5.3. Per-Class Precision, Recall, and F1-Score

The performance metrics in Table 3 and the grouped bar charts in Figure 8 demonstrate that UltraScanNet maintains a balanced performance profile. The model achieves the highest recall and F1-score for the normal class (C2) and achieves the highest precision for the benign class (C0). The model’s performance suggests that it can minimize unnecessary alarms and patient distress by showing fewer normal cases as lesions. Moreover, the model achieves this performance level by maintaining high accuracy in benign case detection at the same time.

Models like DeiT-T/16 (perfect precision on C1) and MambaVision T2 (perfect precision on C2, highest malignant recall) exhibit specialized strengths, useful depending on whether clinical priorities favor minimizing false positives or false negatives.

The radar plots in Figure 9 provide an overview of how each class performs in each model. UltraScanNet demonstrates consistent performance across all three classes and achieves its best results on the normal class (C2). The precision of DeiT-T/16 reaches its peak at perfect levels when detecting the malignant class (C1), while MambaVision achieves high recall rates for the same class. The precision and recall of MaxViT-Tiny and ViT-S/16 also show competitive values.

The radar plots show that UltraScanNet maintains equal performance in terms of precision, recall, and the F1-score across all classes, while other architectures tend to excel in one metric or one class at the expense of others.

5.4. Per-Class ROC–AUC and PR–AUC

The ROC–AUC and PR–AUC values per class in Table 4 and Figure 10 and Figure 11 demonstrate the ranking quality and precision–recall trade-offs for each model.

The ROC–AUC values of DenseNet-121 demonstrate the best separation between the benign (C0) and malignant (C1) classes with 96.92% and 96.35%, respectively. The top score of 99.31% for normal (C2) classification belongs to both UltraScanNet and ViT-S/16 because they achieve the near-perfect discrimination of normal tissue.

The PR–AUC results show that DenseNet-121 leads in C0 (97.54%), MambaVision leads in C1 (93.07%), and UltraScanNet and MaxViT-Tiny tie for C2 (96.60%). The high PR–AUC value in C1 is especially important in clinical scenarios with class imbalance because it demonstrates the model’s ability to preserve its precision when malignant cases appear infrequently.

The ROC–AUC results show that DenseNet-121 performs best in most classes, but UltraScanNet matches or outperforms it in C2 discrimination and maintains an overall competitive PR–AUC profile. The results demonstrate that UltraScanNet performs well in distinguishing normal tissue, while maintaining good performance across different lesion types.

Figure 12 and Figure 13 compare the precision–recall trade-offs across classes for MambaVision and UltraScanNet. While the baseline model exhibits sharper variations in recall for malignant cases (C1), UltraScanNet demonstrates overall smoother curves and better recall preservation at higher thresholds, especially in normal class (C2). This suggests that UltraScanNet can operate more reliably across different decision thresholds, an important property for clinical deployment.

5.5. Sensitivity @ 90% Specificity

The next evaluation of the models (Table 5) considers a fixed high specificity value (90%) and assesses their sensitivity performance under strict false-positive control conditions, which are crucial for breast cancer screening.

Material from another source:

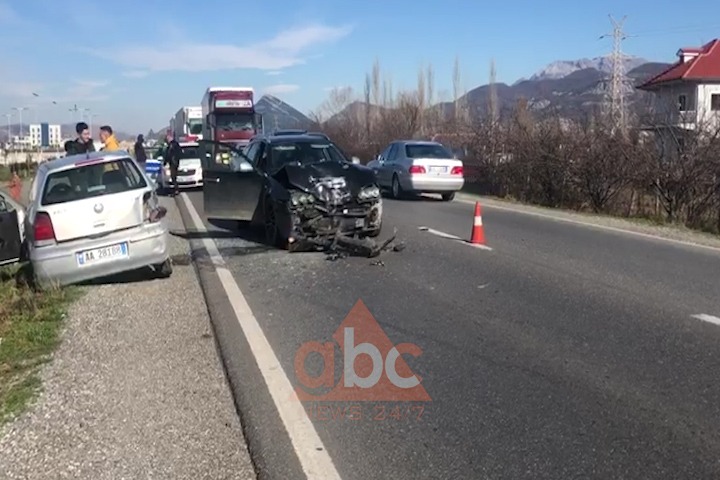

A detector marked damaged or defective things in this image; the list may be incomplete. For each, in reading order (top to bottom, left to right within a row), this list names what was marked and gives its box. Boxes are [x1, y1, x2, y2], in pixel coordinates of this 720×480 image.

As can be seen, the ViT-S/16 and MaxViT-Tiny models demonstrate the highest sensitivity (93.10%) in detecting benign lesions (C0), while maintaining low false alarm rates. On the other hand, ConvNeXt-Tiny demonstrates the highest sensitivity of 90.48% for malignant (C1) cases, while maintaining the lowest false-positive rate. Finally, the three models MambaVision T2, ConvNeXt-Tiny, and DeiT-T/16 achieve the highest sensitivity of 96.30% for normal (C2) cases, which indicates that they rarely miss normal cases at high specificity levels.

These results demonstrate that UltraScanNet maintains competitive values across all classes, yet certain models achieve better performance in specific classes under constrained sensitivity conditions. The deployment of these models depends on the primary objective, i.e., whether it is to detect malignant lesions, maintain benign specificity, or avoid normal cases’ misclassification.

5.6. F1-Macro Mean and 95% Confidence Intervals

Table 6 and Figure 14 present the macro-averaged F1-scores together with their 95% confidence intervals, which show both the estimated values and their corresponding uncertainty intervals.

UltraScanNet demonstrates the highest F1-macro mean value of 0.909 because it maintains balanced performance across all classes.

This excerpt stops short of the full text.